In questi versi fa ingresso la consapevolezza della condizione umana, del suo essere tenera e aspra insieme, dalla quale deriva la capacità di non seguire il canto delle sirene e accedere alla pienezza della libertà, all’esperienza del limite pietoso come atto libero e volontario. Una pietà tutta cristiana nei confronti della limitatezza dell’esperienza umana esercitata da un atto volontario, quindi di libertà, di non evadere più dalla condizione propria dell’esistenza, dell’esserci nel tempo.
In questo passaggio mi sembra si possa rintracciare con chiarezza la profondità dello sguardo cristiano di Giansalvo e la sua capacità di congiungerlo a quello della cultura classica, ravvivando entrambe le tradizioni che vivono in lui, nel suo essere poeta del presente.
Questo primo esemplare componimento si conclude con la negazione del mito dell’odissea in quanto viaggio del ritorno: “le odissee (…) non ammettono ritorno”, sono il tempo dell’addio.
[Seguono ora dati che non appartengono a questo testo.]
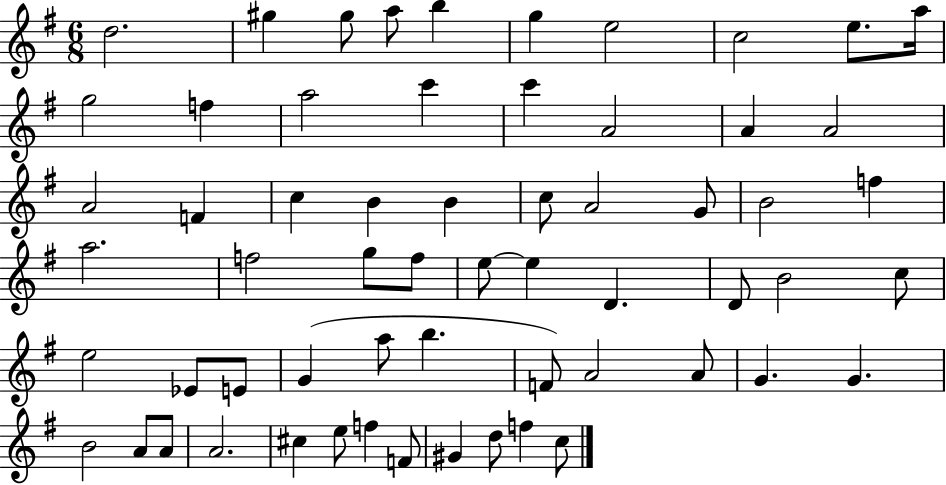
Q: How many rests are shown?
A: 0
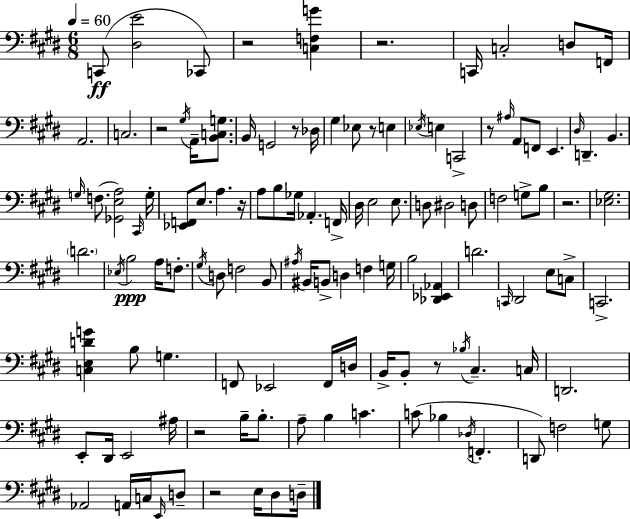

La fine del mito del ritorno al passato, l’abbandono dell’addio come atto definitivo e inesorabile, consente di inglobare il passato nel presente, di trasformarlo in un più mite “arrivederci/ posto sulle anime semplici”; un arrivederci che getta un ponte verso il futuro e rende a sua volta il presente accogliente e aperto alla speranza, una speranza tutta cristiana.
Non è lettura semplice quella di “Frammenti di inesistenza ed allegrie”, a volte ci si può sentire persi, altre irritati da un logos che sembra negare l’acceso al movimento verso l’altro, altre ancora impossibilitati ad abbandonarsi alla lettura. Richiede invece attenzione, desiderio di fermarsi, capacità di penetrare lentamente la parola, non lasciandosi travolgere da una scrittura eloquente, ricca di immagini e traslitterazioni, potente nella forza del sentire e del concepire.